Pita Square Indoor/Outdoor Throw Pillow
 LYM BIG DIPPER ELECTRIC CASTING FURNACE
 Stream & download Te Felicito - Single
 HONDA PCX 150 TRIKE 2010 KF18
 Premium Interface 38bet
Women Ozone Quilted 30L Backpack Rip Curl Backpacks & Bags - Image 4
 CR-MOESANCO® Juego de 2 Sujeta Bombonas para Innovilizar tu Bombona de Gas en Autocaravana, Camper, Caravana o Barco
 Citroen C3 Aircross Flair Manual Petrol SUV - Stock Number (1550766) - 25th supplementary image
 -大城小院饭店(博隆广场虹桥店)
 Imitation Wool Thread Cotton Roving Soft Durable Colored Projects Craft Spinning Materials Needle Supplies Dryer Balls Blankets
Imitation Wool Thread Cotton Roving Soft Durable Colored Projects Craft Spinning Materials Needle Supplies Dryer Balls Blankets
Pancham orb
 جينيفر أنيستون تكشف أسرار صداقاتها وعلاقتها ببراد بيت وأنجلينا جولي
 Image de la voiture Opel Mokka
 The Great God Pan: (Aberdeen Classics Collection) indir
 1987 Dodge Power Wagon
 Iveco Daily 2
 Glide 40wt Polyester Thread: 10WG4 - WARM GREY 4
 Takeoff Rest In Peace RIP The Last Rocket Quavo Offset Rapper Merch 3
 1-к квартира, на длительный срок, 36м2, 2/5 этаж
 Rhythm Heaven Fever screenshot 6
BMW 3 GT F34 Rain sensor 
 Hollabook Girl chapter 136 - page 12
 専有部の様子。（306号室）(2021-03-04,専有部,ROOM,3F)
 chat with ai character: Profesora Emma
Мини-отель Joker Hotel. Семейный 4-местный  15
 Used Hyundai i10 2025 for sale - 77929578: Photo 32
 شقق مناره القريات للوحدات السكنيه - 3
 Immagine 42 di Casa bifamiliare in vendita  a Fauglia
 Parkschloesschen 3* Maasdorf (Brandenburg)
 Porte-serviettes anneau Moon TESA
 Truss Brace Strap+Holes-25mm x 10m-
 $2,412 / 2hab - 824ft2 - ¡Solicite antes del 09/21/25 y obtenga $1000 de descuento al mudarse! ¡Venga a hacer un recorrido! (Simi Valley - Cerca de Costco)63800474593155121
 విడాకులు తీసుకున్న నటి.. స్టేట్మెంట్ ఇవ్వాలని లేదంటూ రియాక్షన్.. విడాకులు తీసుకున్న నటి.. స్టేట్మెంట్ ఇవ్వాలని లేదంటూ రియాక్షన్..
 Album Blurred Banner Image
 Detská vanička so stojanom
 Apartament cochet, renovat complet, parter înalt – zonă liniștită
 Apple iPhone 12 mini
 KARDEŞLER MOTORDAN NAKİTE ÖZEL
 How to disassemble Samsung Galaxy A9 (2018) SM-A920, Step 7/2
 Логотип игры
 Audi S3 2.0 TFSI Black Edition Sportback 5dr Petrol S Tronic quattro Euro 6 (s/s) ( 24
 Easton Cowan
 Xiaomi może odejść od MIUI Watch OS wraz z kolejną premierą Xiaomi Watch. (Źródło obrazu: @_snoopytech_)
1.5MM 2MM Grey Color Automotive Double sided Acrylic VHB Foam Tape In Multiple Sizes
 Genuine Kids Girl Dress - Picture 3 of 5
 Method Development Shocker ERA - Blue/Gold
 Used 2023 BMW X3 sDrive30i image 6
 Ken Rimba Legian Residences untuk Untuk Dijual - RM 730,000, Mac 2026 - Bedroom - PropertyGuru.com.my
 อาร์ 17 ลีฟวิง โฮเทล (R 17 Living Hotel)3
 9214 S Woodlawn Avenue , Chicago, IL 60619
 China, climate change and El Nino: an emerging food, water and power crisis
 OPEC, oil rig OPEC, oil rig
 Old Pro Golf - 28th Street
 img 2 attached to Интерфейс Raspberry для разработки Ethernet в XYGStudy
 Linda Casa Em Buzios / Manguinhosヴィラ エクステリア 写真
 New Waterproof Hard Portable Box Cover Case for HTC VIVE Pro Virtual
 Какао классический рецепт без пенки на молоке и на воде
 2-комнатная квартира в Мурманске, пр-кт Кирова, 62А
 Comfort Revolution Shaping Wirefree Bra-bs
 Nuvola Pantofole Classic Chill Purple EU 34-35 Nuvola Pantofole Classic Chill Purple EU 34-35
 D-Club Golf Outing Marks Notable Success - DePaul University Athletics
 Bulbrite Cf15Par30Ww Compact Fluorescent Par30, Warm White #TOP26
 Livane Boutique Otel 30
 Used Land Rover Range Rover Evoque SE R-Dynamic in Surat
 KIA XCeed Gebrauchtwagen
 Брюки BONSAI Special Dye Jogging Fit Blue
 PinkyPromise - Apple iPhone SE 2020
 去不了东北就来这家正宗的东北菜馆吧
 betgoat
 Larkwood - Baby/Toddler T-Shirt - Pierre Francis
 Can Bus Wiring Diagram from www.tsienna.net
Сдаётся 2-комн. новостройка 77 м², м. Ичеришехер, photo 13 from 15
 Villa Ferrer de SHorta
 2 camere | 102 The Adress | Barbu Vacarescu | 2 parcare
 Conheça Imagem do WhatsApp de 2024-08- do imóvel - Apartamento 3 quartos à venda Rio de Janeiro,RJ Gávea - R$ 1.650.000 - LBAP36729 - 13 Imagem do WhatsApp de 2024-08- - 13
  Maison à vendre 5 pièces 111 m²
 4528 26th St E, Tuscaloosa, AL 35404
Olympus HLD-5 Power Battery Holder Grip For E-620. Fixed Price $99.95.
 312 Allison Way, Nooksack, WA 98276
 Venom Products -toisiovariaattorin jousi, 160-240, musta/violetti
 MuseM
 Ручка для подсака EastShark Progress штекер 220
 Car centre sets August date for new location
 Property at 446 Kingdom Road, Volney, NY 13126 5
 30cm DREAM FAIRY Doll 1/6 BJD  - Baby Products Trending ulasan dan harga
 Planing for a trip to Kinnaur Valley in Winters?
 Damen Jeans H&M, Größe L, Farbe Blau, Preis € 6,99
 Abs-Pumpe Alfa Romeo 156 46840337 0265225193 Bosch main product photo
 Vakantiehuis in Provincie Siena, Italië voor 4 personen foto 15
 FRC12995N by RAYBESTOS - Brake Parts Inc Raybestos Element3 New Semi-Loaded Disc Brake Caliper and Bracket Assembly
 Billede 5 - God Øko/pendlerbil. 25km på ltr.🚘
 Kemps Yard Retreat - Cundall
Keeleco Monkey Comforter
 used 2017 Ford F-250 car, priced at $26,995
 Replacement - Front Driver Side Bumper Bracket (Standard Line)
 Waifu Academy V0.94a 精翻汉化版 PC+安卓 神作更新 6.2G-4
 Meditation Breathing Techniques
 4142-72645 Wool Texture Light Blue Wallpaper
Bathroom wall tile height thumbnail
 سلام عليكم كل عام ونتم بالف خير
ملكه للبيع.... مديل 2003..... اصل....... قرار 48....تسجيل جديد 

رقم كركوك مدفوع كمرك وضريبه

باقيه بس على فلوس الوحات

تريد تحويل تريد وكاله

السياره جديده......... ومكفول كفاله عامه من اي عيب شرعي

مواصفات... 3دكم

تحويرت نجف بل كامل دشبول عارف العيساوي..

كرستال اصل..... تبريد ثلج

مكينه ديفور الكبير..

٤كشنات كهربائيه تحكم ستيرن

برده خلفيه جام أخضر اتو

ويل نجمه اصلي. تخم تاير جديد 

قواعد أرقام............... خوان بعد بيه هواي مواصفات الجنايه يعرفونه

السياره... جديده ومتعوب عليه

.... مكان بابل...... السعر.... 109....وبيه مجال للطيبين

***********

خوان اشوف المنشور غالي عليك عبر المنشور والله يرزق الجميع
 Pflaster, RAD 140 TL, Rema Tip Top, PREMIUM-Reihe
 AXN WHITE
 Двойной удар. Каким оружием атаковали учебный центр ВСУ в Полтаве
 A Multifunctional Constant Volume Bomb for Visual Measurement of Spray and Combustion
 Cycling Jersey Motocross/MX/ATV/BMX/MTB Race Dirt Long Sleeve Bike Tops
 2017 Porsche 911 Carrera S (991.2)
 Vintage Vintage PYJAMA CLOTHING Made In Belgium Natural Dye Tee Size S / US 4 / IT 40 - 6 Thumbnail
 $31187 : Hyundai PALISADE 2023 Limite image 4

************

▶ _Exercise objective_: Show all lines from the data above in which the word "Bracket" appears.

▶ _Task solution_:
 FRC12995N by RAYBESTOS - Brake Parts Inc Raybestos Element3 New Semi-Loaded Disc Brake Caliper and Bracket Assembly
 Replacement - Front Driver Side Bumper Bracket (Standard Line)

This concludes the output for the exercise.